- Citizenship: Canadian
- Occupations: Playwright, actress

= Tara Beagan =

Canadian playwright

Tara Beagan (born December 20, 1975) is a Nlakaʼpamux playwright and actress from Calgary, Alberta, Canada, most noted as the winner of the Siminovitch Prize in Theatre in 2020.

She won the Dora Mavor Moore Award for Outstanding New Play, Independent Theatre in 2005 for Thy Neighbour's Wife, for which she was also a nominee for Outstanding Performance by a Female, Independent Theatre. In 2006, she acted in Dead Dog in the City, Thomas King's revival of his earlier radio comedy series The Dead Dog Café Comedy Hour.
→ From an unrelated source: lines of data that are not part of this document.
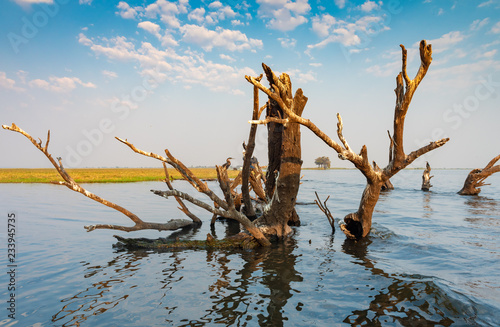 Chobe River  malerische Landschaft am fr  hen Morgen  Botswana
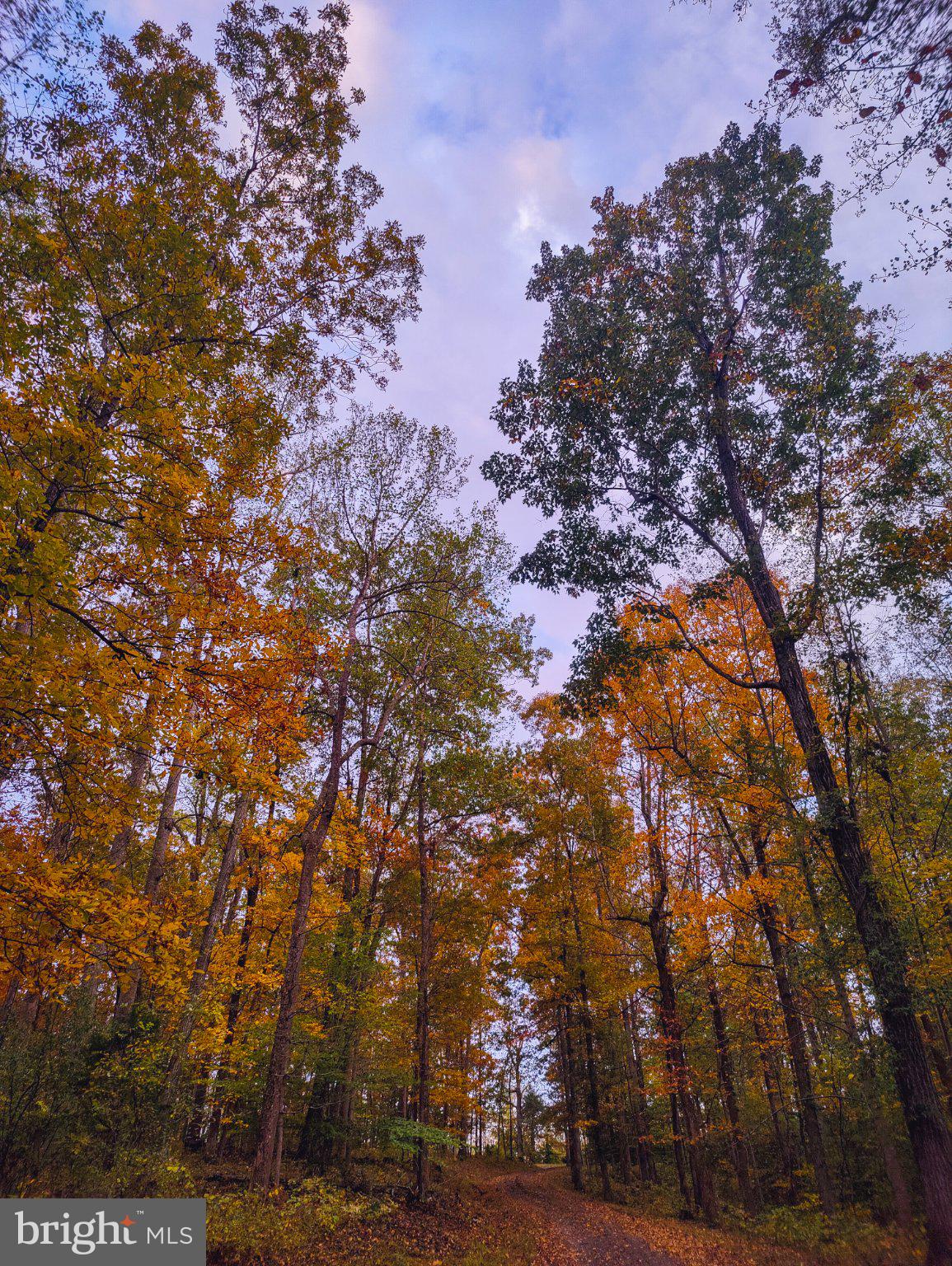 8396 Rixeyville Road Rixeyville, VA 22737 - Photo 66 of 90 Gallery Image 66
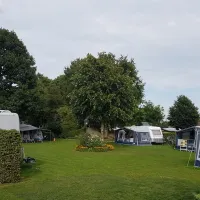 de-rooejbes-neer-x8vwh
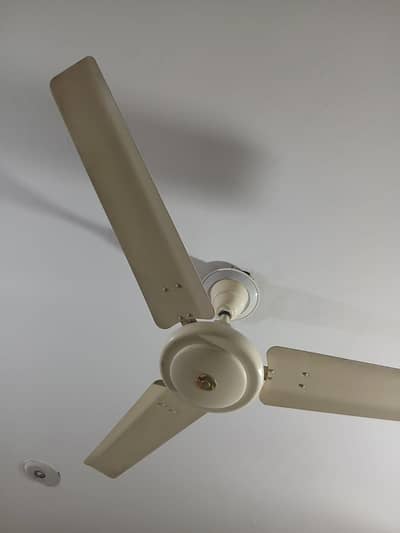 Breeze Fan Ceiling Fan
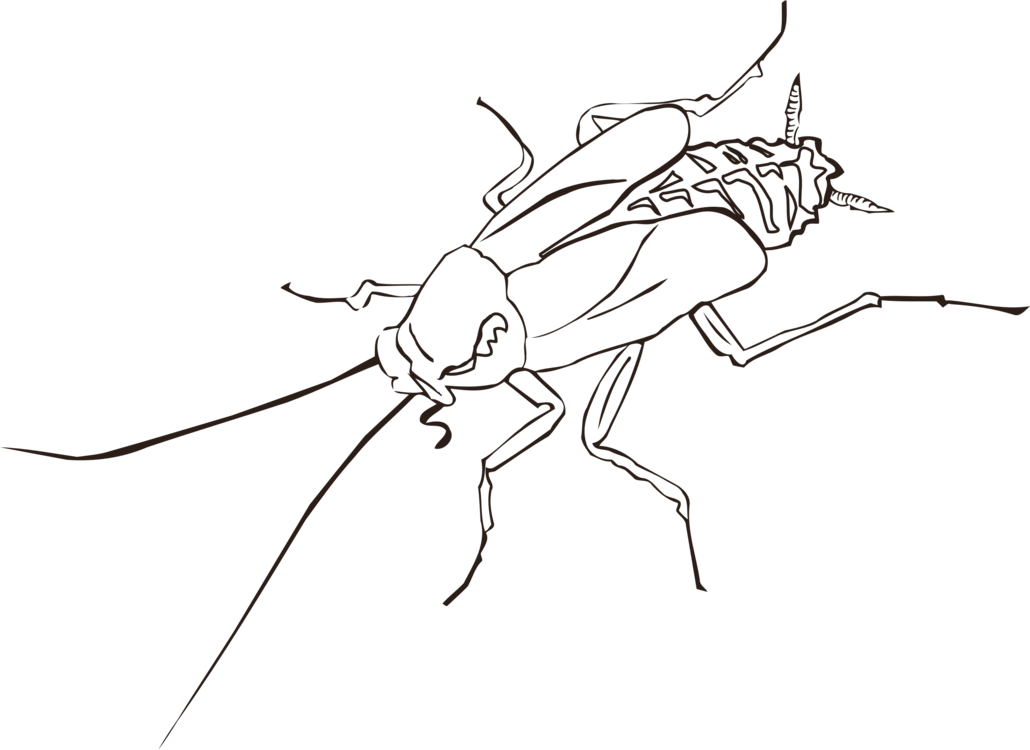 Cockroach_ Outline_ Drawing PNG image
In 2009, she received a Dora nomination for Outstanding New Play, Independent Theatre for Miss Julie: Sheh'mah. In 2010, she premiered The Woods, a historical play set in 1640 which was part of The Mill series with plays by Damien Atkins, Hannah Moscovitch, and Matthew MacFadzean.

From 2011 to 2013, she served as artistic director of Native Earth Performing Arts. She subsequently founded the theatre company Article 11 with Andy Moro.

Her plays have included Jesus Chrysler, Free As Injuns, Reckoning, Dreary and Izzy, Honour Beat, Deer Woman, and The Ministry of Grace.

She won the Governor General's Award for English-language drama at the 2025 Governor General's Awards for Rise, Red River. She was also nominated in the same year for The Ministry of Grace, one of the first times in the entire history of the award that a writer received two separate nominations for different plays in the same year, rather than a single joint nomination for a multi-play anthology volume.

==Personal life==
Beagan is of mixed Canadian Irish (father) and Nlaka'pamux (mother) descent.